Worse still, many appointees had no administrative skills and busied themselves stuffing their pockets, not running the country, local experts said. Corruption also undermined efforts to alleviate poverty among the Tuareg, because much of the state’s investment in the region was simply siphoned off. Mali ranked 105th of 174 countries in the 2012 Corruption Perception Index by Transparency International.
“Our government is very weak, and our democracy very superficial,” said Dicko.
The military in particular suffered from inefficient management and poor funding. It became a last resort for the unemployed, many of whom enlisted despite being unfit for service or simply never intending to fight, Diallo, the political analyst, said.
Morale was low even among the core of military professionals, disgruntled at what they perceived as preferential treatment of Tuareg officers in accord with the earlier peace settlements, several Malian army officers told RIA Novosti on condition of anonymity.
Combat readiness suffered further from obsolete military equipment, most of it obtained from the Soviet Union. The Malian Air Force is still flying MiG-21 fighter jets, mass-produced since the late 1950s.
The rebellion proved the last straw: After Bamako largely failed to respond to the butchering of dozens of soldiers at the start of the uprising, disgruntled military men ousted President Toure. Reports said at the time that the men had never planned a coup and just wanted to vent their anger, but things snowballed. Toure fled to Senegal and power was grabbed by a military junta allegedly still running Mali from behind the scenes.
The Sahara’s Secret Life
As Bamako grew weaker in recent years, the Tuareg elites grew stronger. One important factor has been trans-Saharan trade, which has changed a lot since the time of the medieval Mali and Ghana empires that traded in gold and salt.
The modern Sahara thrives on smuggling, with goods such as consumer electronics flowing to Africa from Europe – the city of Gao in Mali’s north is advertised as the best place in the country to buy a satellite dish – and a steady trickle of would-be illegal migrants going the other way in hopes of securing passage to the European Union.
More importantly, the Sahara serves as a vital route for South African cocaine bound for Europe. An estimated 60 tons of drugs, mostly cocaine, pass through the desert every year, the United Nations Office on Drugs and Crime said in 2009.
In addition to drug lords, the desert region has started to attract Islamists, who seek to complete an “arc of instability” from the Sahara to Afghanistan, said Korendyasov, the ex-ambassador.
Osama bin Laden and a number of his associates were based in Sudan between 1991 and 1996, and several radical groups in Algeria, Libya, Sudan and Somalia have publicly admitted ties to al-Qaida since the early 1990s.
In Mali, the preaching of jihad came complete with monetary incentives: A new recruit to an Islamist group could count on a salary of about $900 a month, according to on-the-ground sources cited by Korendyasov. This in a country with annual per capita GDP of $1,100.

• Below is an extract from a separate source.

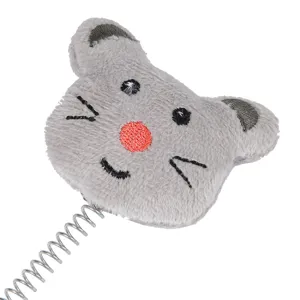 Primo piano di giocattolo a forma di topo in peluche con naso rosso e molla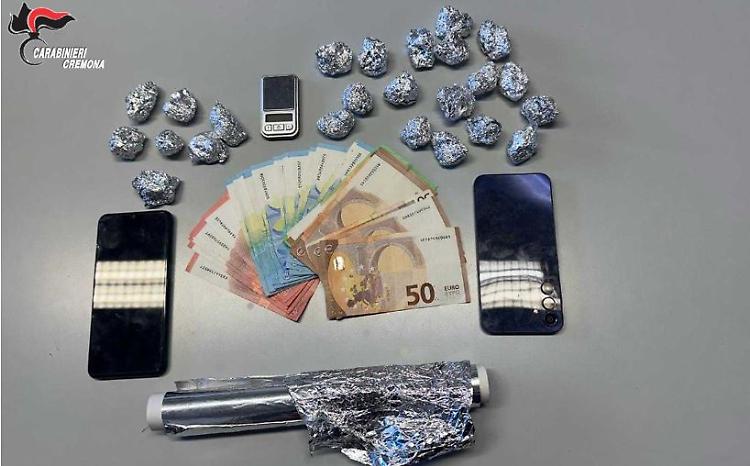 Droga nel marsupio, due arresti per spaccio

The jihadists were also reported to be providing money for community needs such as water wells, Korendyasov said, though he could not say how widespread the practice was.
Finally, an important factor that facilitated the uprising was the return of Tuareg mercenaries who had served Libyan leader Gaddafi.
Libya had business interests in Mali, and Gaddafi enlisted several thousand Tuareg, for whom service in the Libyan army was a career prospect that, until recently, had been unavailable to them in Mali.
After Gaddafi’s death during Libya’s own insurgency in 2011, between 800 and 4,000 Tuareg veterans, according to analyst Keenan’s figures, quietly returned to their homeland in Mali. They brought along their firearms, including anti-aircraft guns and other equipment unavailable to the Tuareg during past rebellions, when they sometimes had to resort to traditional takouba swords, in addition to Kalashnikovs.
Saying No To The Radicals
Despite the rebellion’s initial success, fears of Mali becoming an “Afghanistan-lite” appear exaggerated because the majority of its population opposes fundamentalism, experts and politicians agreed.
An estimated 85 percent of Malians adhere to Islam, but the laidback local version of the True Faith permits alcohol and music, largely avoids dress codes for both sexes, and has generally stayed away from sectarian conflicts.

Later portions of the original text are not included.